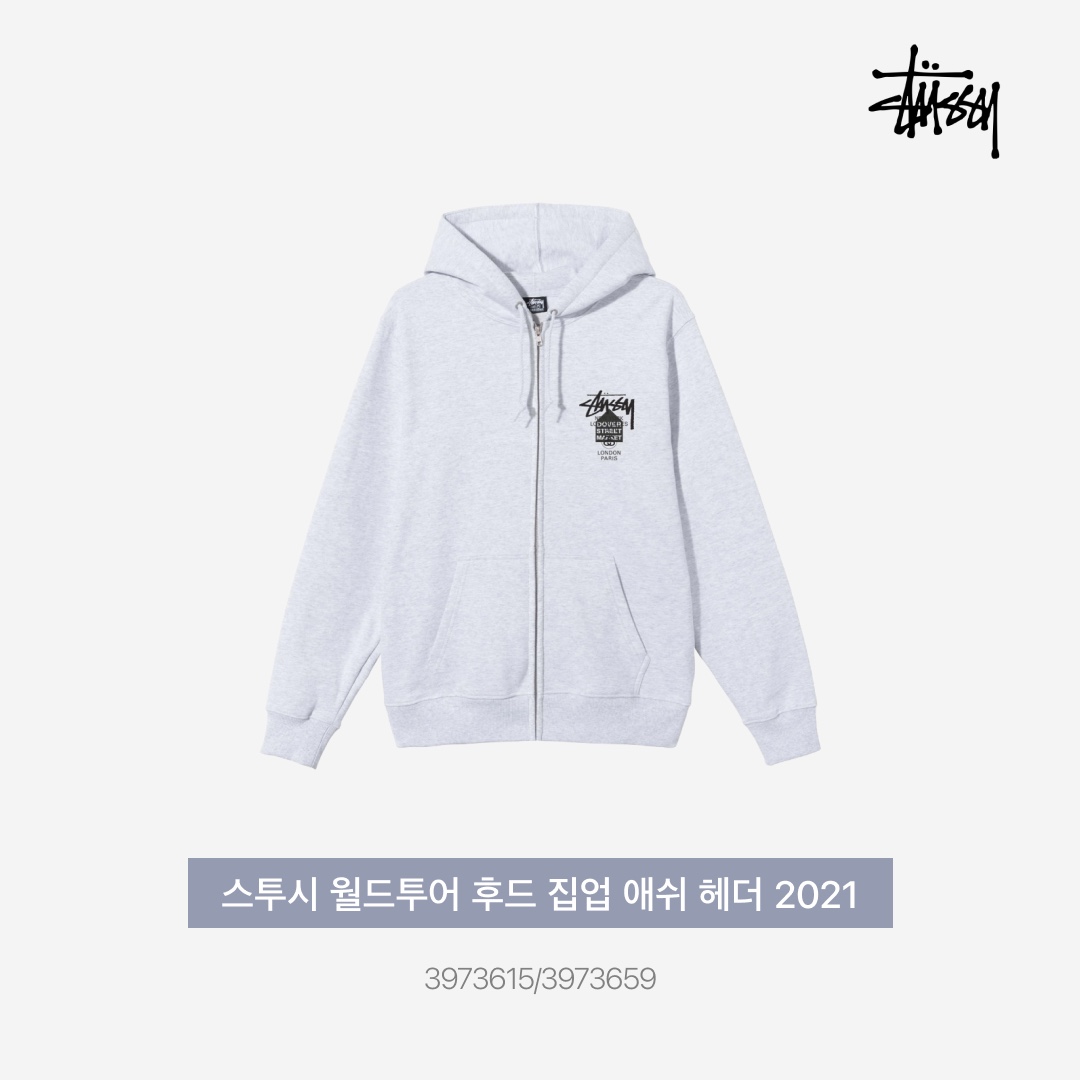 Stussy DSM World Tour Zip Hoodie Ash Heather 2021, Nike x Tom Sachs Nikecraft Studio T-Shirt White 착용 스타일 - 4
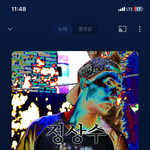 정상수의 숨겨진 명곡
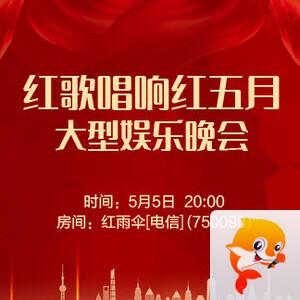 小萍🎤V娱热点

▶ **Your instructions**
Return the whole listing, word for word, and leave out every picture.

▶ **Exercise result**
 Stussy DSM World Tour Zip Hoodie Ash Heather 2021, Nike x Tom Sachs Nikecraft Studio T-Shirt White 착용 스타일 - 4
 정상수의 숨겨진 명곡
 小萍🎤V娱热点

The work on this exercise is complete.